Effects require 1) well-defined control flow (think of IO; you need to know in what order output occurs) and 2) manipulation of control flow (think of error handling or concurrency).
We can model effects as a back-and-forth between effect handlers, which carry out effects, and the user program. The user program passes control to the effect handler to carry out some effect, and the effect handler passes control back to the user program (potentially a different part of the user program; think error handling) when the effect has been performed. Continuations give complete control over control flow, so in their full generality effects require continuations (or some equivalent like monads). Coroutines are a slightly stilted form of continuations, that you can model much, but not all, control flow with.
Aren't coroutines generally one-shot, whereas continuations could potentially be resumed to multiple times? This seems to be a relevant difference between these concepts.
That's my understanding, and why you need full continuations to handle all effects. In my mental model a coroutine gives you an execution point that you can resume, but you are not allowed to resume execution points you have previously resumed. You cannot, for example, implement backtracking search with just coroutines as you need to to return to previous execution points. (Look, you can implement anything with anything. Turing completeness etc. This is about implementing it in a natural way using the effect handlers.)
That's not what "resume multiple times" is referring to here. You can typically only resume a coroutine once per yield, while a continuation generally allows you to return to the same place multiple times.
One lets you save and return to an execution state (program counter and local environment), the other lets you create and call an execution state that is saved between calls to it.
There are obvious implementation differences but I'm not sure it makes any difference here, in both cases you can return to the same execution state multiple times.
The distinction between coroutines and delimited continuations is one-shot vs. multi-shot. The delimited continuation crowd use different language, but imagine an ordinary stackful asymmetric coroutine wrapped around a function call, except instead of just yield and resume, you have yield, resume, and reset. Call the coroutine, it yields from A, call resume, it yields from B, call reset, resume, it yields from B again. You can do that as often as you'd like.
This can in fact be emulated with a coroutine generator and some fancy footwork, but it's a subtly different primitive.
The difference is that resuming a coroutine mutates it, so that the next time you resume the same object it starts from wherever the coroutine next yielded. This may or may not be the same yield point as the last time, depending on the definition of the coroutine.
A continuation is immutable in that way, so it is either an error to invoke it multiple times, or else it will always resume at the same place. Implementing coroutines in terms of continuations would mean capturing a new continuation each time you yield.
Effects require 1) well-defined control flow (think of IO; you need to know in what order output occurs) and 2) manipulation of control flow (think of error handling or concurrency).

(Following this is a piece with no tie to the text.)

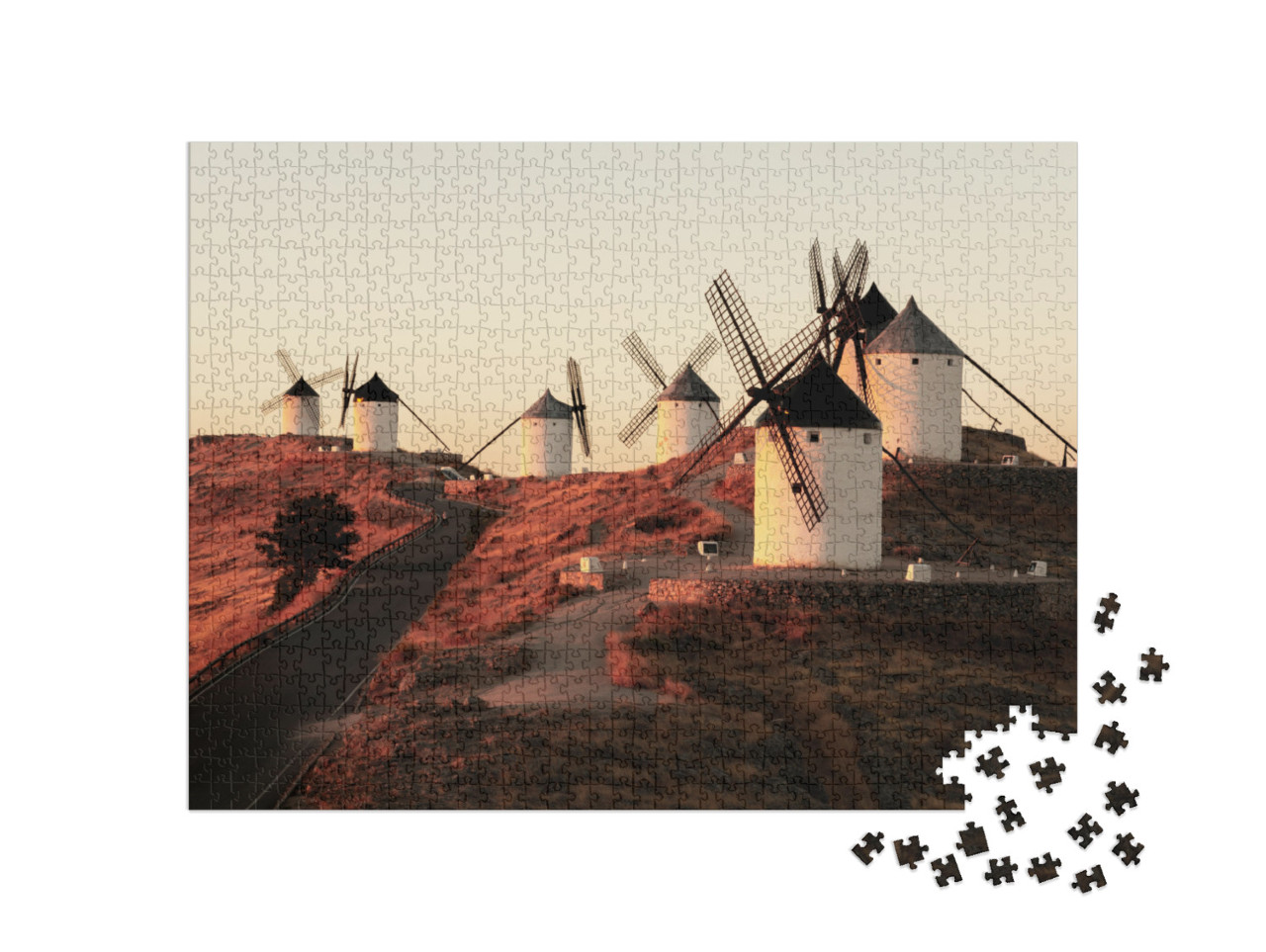 puzzle 1000 dílků „Větrné mlýny v Consuegře, Kastilie-La Mancha, Španělsko“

We can model effects as a back-and-forth between effect handlers, which carry out effects, and the user program. The user program passes control to the effect handler to carry out some effect, and the effect handler passes control back to the user program (potentially a different part of the user program; think error handling) when the effect has been performed. Continuations give complete control over control flow, so in their full generality effects require continuations (or some equivalent like monads). Coroutines are a slightly stilted form of continuations, that you can model much, but not all, control flow with.